• [TASK STATEMENT]: Only one span belongs in the answer: the line holding "VESTIDO DAMA RAYAS - 023760" through the last line of the entries below, retyped exactly.

[Opening AVAILABLE DATA section]

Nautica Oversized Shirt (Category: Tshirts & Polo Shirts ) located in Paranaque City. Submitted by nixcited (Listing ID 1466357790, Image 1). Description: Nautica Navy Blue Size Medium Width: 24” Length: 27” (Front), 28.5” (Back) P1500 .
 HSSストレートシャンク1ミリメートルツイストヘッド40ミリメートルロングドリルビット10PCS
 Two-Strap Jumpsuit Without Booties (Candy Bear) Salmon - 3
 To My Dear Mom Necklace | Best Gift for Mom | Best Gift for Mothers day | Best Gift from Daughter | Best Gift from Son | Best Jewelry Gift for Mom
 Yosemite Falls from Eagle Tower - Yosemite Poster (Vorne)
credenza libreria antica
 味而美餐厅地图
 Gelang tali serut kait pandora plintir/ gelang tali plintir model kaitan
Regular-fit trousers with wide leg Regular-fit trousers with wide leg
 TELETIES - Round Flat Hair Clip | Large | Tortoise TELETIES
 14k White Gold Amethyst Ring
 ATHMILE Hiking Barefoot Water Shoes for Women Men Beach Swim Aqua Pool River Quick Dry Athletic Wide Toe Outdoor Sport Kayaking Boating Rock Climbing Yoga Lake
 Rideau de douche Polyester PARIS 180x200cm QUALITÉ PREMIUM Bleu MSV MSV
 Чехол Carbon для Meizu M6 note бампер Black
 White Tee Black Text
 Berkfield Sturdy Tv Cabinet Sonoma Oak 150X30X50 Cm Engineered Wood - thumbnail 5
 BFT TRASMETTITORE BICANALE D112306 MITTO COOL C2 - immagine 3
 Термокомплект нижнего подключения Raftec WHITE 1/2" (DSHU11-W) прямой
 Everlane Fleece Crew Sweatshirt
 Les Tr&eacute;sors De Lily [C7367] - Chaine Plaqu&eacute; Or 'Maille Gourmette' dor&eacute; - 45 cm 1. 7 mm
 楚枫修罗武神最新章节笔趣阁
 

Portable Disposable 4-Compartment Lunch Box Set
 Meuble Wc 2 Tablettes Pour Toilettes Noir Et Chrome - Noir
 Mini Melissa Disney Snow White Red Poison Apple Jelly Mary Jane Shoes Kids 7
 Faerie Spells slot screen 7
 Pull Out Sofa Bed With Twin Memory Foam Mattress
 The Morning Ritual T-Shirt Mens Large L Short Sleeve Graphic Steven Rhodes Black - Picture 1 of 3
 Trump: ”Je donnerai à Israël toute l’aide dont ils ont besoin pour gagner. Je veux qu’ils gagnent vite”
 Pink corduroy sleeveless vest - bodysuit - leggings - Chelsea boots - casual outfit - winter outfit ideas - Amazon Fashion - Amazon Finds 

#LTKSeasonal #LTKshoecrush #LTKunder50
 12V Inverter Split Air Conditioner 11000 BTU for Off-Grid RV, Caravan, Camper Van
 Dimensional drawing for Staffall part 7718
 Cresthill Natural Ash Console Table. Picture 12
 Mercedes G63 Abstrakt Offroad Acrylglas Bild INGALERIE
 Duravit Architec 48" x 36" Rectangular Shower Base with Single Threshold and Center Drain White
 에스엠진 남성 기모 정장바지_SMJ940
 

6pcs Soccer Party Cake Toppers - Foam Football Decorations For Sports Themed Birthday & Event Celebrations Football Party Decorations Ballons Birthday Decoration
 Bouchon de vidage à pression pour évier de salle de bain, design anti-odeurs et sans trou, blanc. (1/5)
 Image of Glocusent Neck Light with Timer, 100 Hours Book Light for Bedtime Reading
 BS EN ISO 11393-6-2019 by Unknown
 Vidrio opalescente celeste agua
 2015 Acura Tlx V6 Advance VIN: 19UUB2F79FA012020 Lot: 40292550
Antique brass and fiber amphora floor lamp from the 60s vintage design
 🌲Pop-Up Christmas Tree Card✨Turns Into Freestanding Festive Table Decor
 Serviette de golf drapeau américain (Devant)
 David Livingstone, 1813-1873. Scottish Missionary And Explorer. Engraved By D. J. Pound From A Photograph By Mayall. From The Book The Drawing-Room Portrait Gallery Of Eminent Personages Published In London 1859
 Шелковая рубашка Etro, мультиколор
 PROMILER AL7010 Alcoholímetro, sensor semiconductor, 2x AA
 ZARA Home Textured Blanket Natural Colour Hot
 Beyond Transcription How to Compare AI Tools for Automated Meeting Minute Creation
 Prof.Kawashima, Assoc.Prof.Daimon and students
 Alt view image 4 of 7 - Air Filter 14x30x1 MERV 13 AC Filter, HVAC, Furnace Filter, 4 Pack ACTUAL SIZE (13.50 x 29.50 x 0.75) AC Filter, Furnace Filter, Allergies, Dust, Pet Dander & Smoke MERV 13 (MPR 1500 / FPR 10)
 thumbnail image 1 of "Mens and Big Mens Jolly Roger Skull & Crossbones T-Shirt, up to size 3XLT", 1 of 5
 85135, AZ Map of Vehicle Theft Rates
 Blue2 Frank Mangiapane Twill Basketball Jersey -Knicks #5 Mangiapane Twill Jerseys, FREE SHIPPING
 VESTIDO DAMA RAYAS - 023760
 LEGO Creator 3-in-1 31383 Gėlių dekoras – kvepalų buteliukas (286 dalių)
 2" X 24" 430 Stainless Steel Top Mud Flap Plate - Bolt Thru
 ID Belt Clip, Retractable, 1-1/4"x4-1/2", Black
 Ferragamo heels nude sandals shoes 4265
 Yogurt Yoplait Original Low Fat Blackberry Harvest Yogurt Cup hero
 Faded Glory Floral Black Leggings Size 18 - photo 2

[Closing AVAILABLE DATA section]

• [THE COMPLETED TASK]:
 VESTIDO DAMA RAYAS - 023760
 LEGO Creator 3-in-1 31383 Gėlių dekoras – kvepalų buteliukas (286 dalių)
 2" X 24" 430 Stainless Steel Top Mud Flap Plate - Bolt Thru
 ID Belt Clip, Retractable, 1-1/4"x4-1/2", Black
 Ferragamo heels nude sandals shoes 4265
 Yogurt Yoplait Original Low Fat Blackberry Harvest Yogurt Cup hero
 Faded Glory Floral Black Leggings Size 18 - photo 2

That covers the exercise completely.